Adenylate kinase (ATP:AMP phosphotransferase, EC 2.7.4.3) (AK) is the enzyme that catalyzes the reversible conversion of MgATP + AMP to MgADP + ADP, a principal step in adenine nucleotide metabolism and cellular energy homeostasis. To enrich the information about fish AKs, we isolated this enzyme from the lateral muscle of bastard halibut Paralichthys olivaceus and biochemically characterized it. The halibut enzyme (PoAK) extracted from the lateral muscle was purified by column chromatographies on TOYOPEARL SP-650 M and Superdex 75 10/300. The purified PoAK showed a single protein band of ~ 22 kDa on SDS–polyacrylamide gel electrophoresis, and optimal temperature and pH at around 40 °C and 7, respectively.

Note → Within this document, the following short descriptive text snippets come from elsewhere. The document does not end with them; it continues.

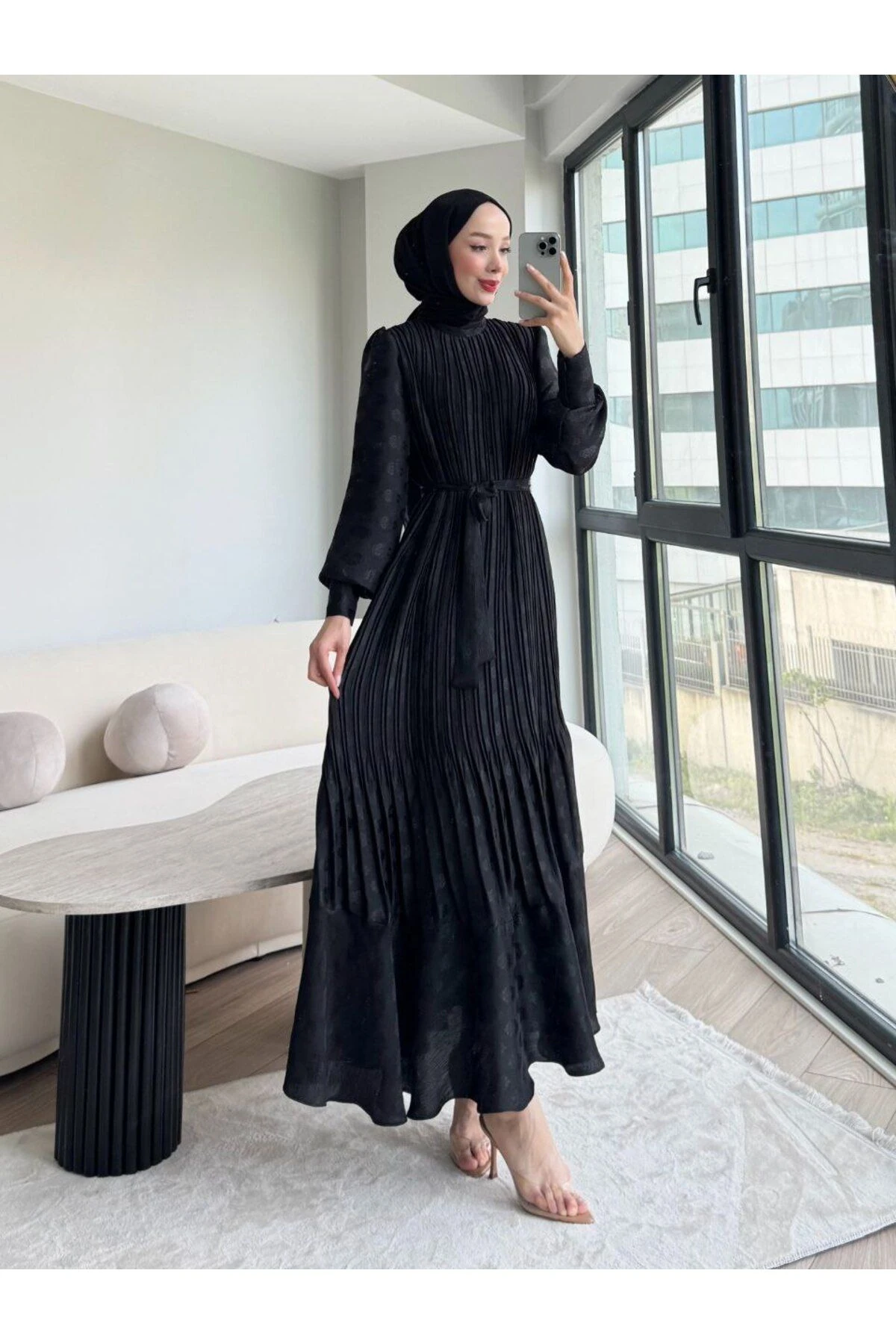 Jakarlı Saten Elbise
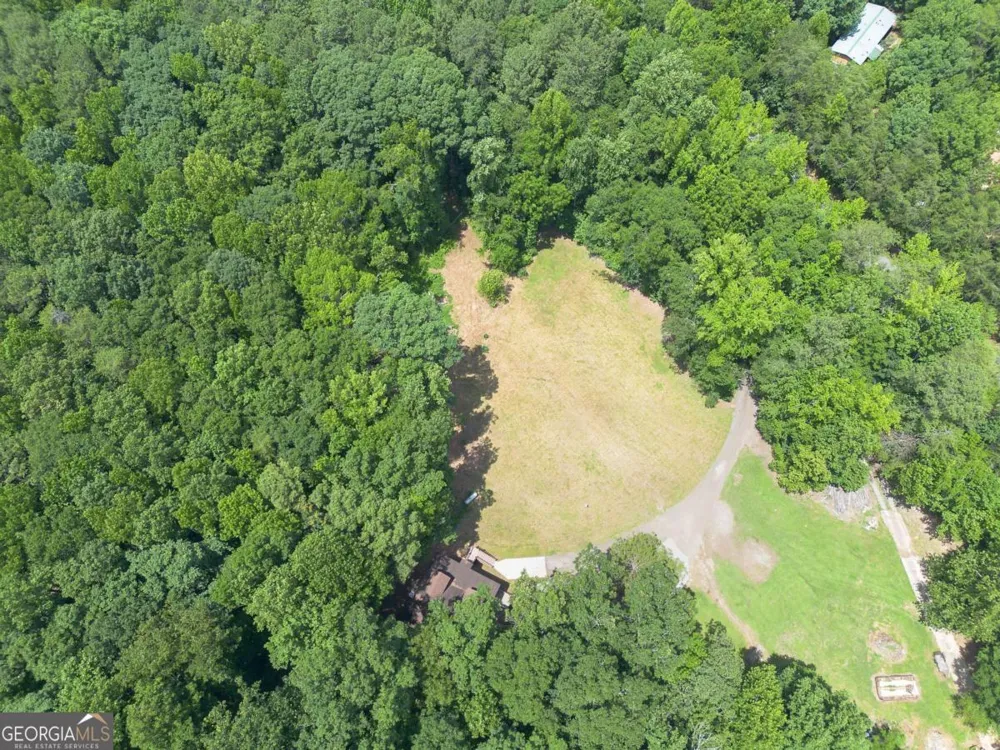 331 Salacoa RD SE Fairmount, GA 30139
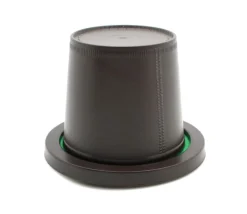 Gobelet avec couvercle 8 x 7.5 cm plastique intérieur feutrine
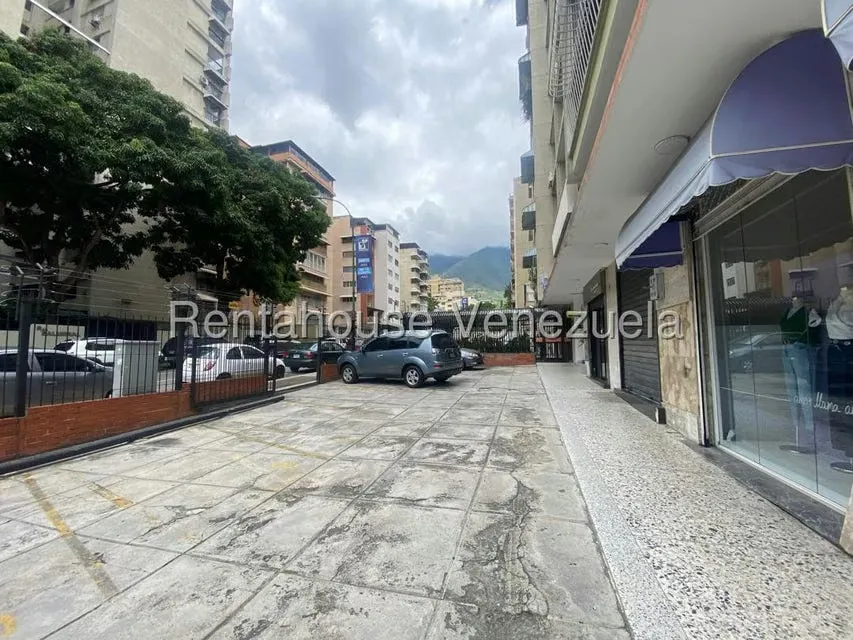 Local Comercial en Alquiler en Los Palos Grandes, Distrito Metropolitano - 5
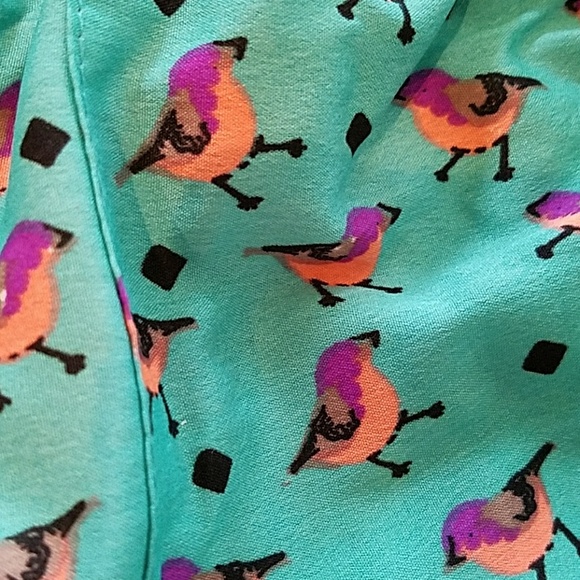 Like new, super cute romper, size Small - Picture 6 of 6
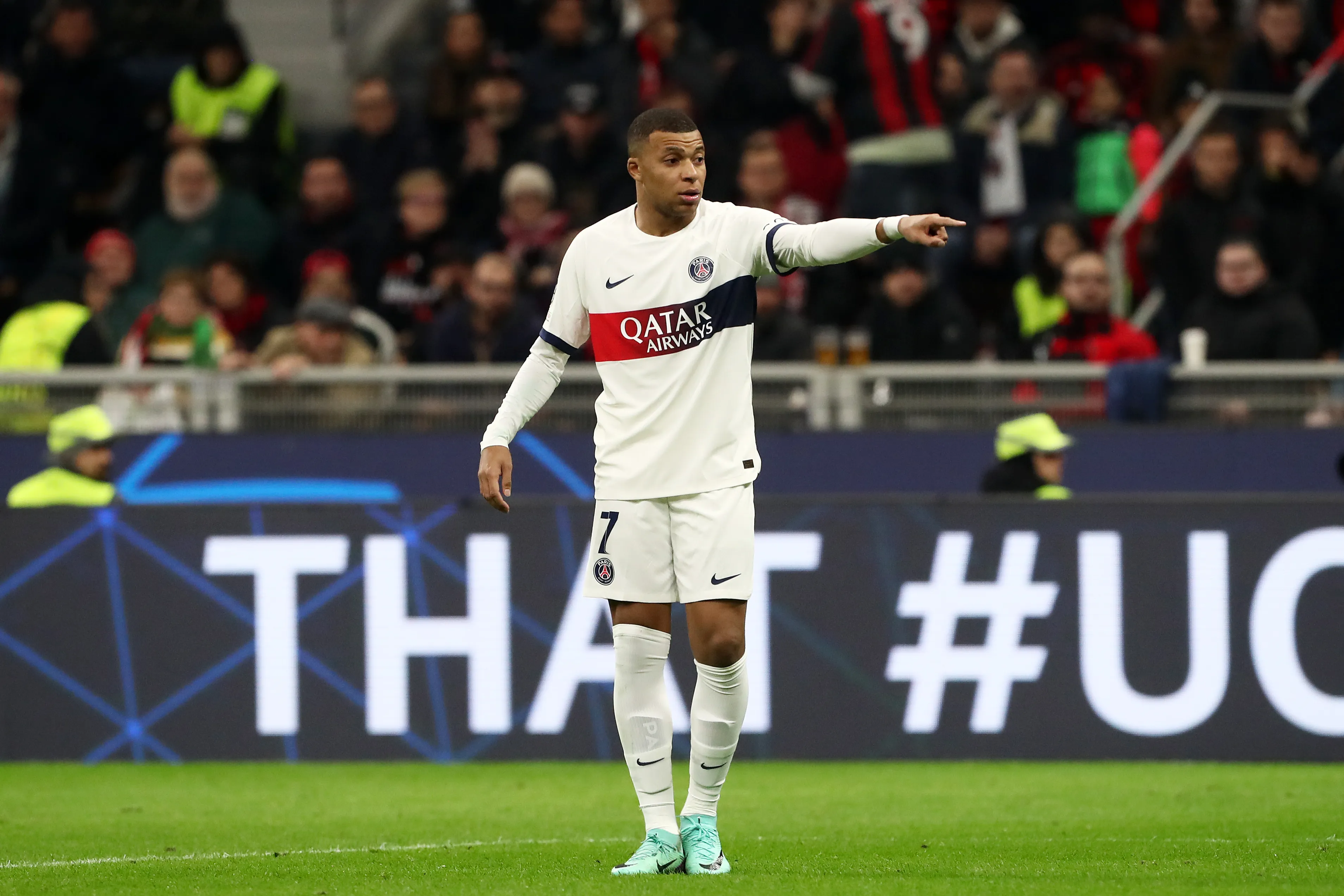 Atacante francês segue com futuro em aberto. Marco Luzzani/Getty Images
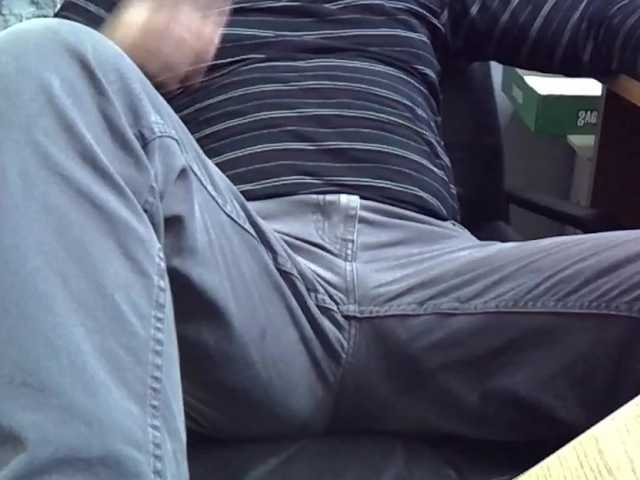 Live sex webcam photo for Nikdov3 #291142943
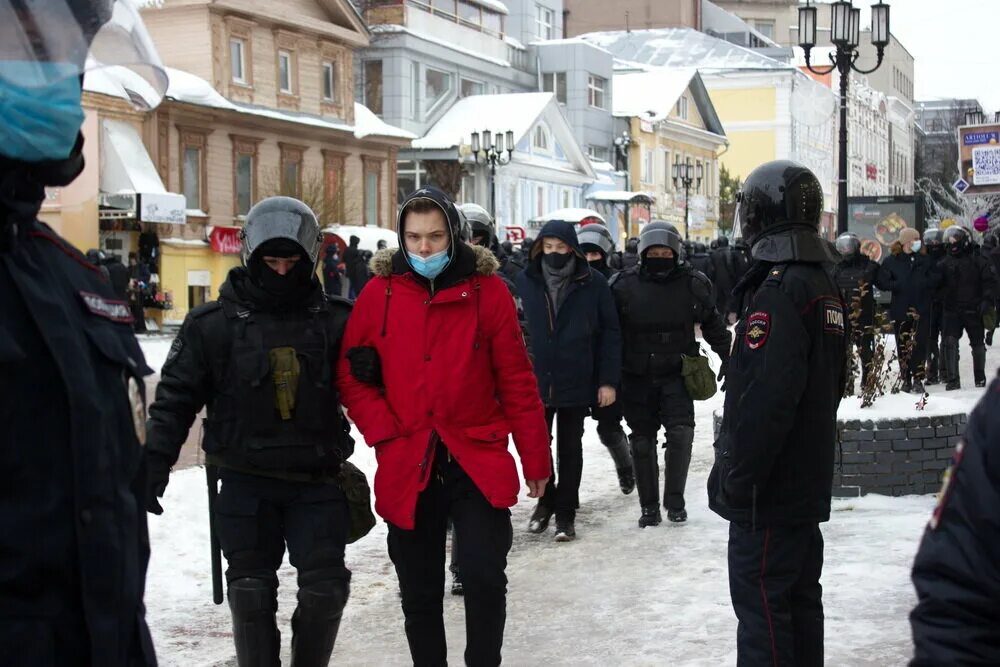 Протесты в Нижнем Новгороде. ОМОН В Нижнем Новгороде сегодня митинг. Митинг в нижнем новгороде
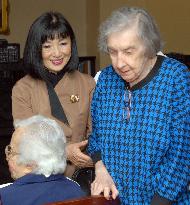 Japan's first lady visits facility for the elderly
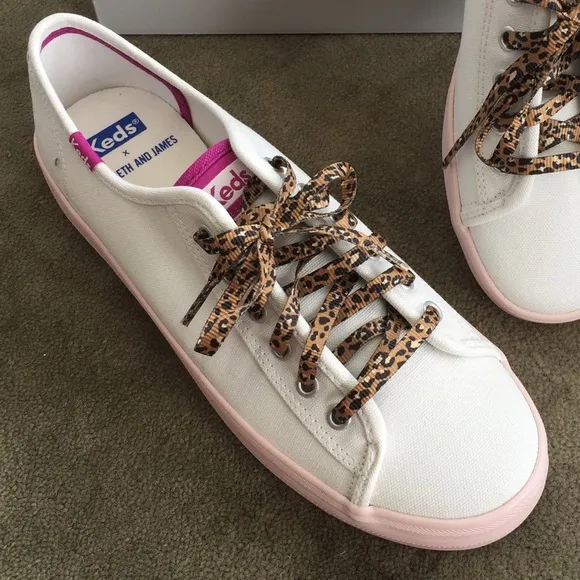 KEDS “ELIZABETH &amp; JAMES” WHITE CANVAS SNEAKERS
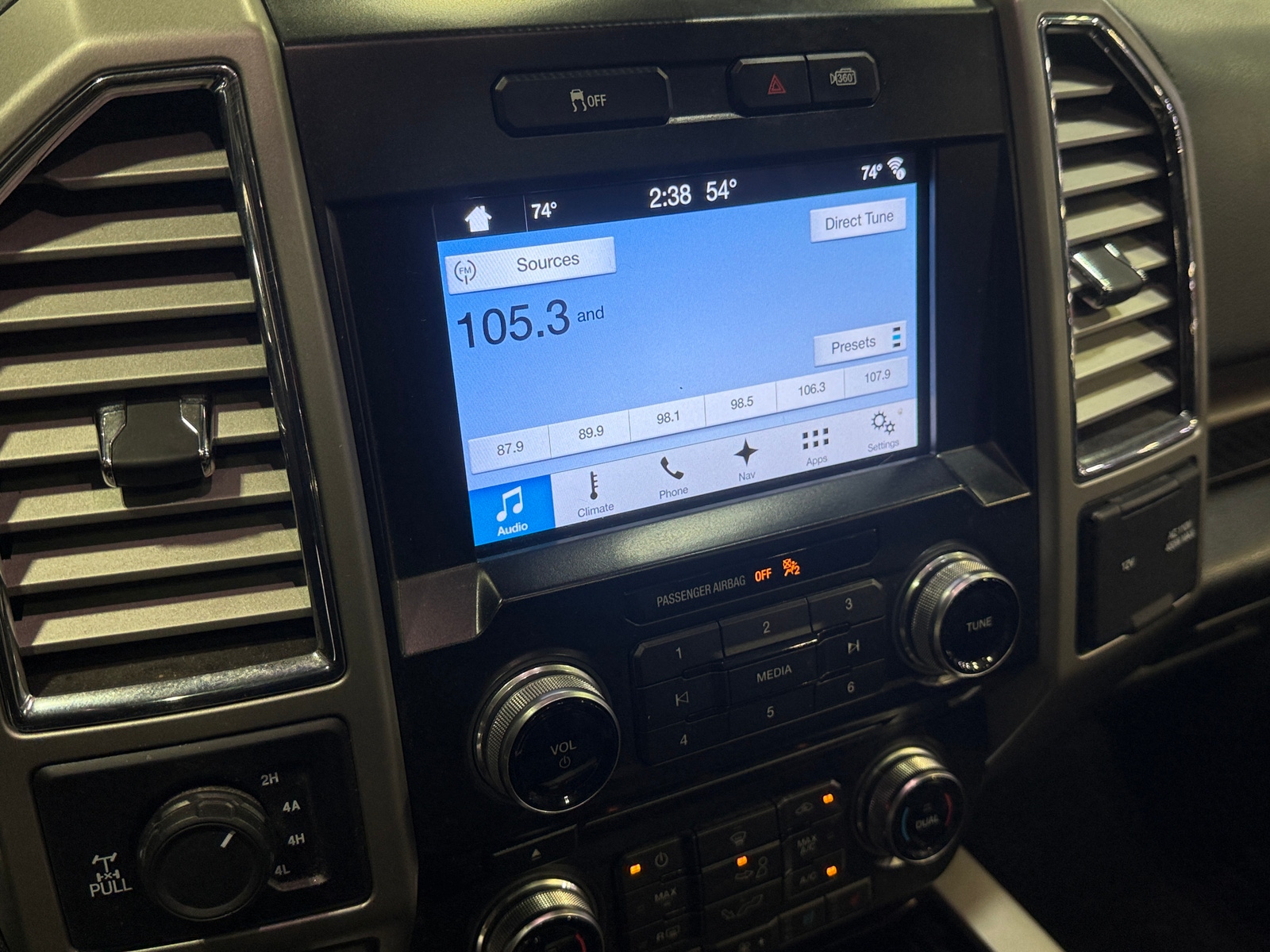 Thumbnail: 2016 Ford Econoline - 3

PoAK was appreciably heat stable, e.g., the temperature that caused 50% inactivation during 30-min incubation was 54 °C. The molar ratio for ATP:ADP:AMP in the equilibrium state of the reaction was ~ 1:1:1. Peptide mass fingerprinting indicated that PoAK is the product of adenylate kinase isoform 1 gene (GenBank, XP_019937160.1) encoded in the halibut genome. The deduced amino-acid sequence of the halibut AK comprised 194 residues and showed 92, 91 and 81% amino-acid identities to those of a putative rainbow trout AK, a carp AK and a chicken AK, respectively.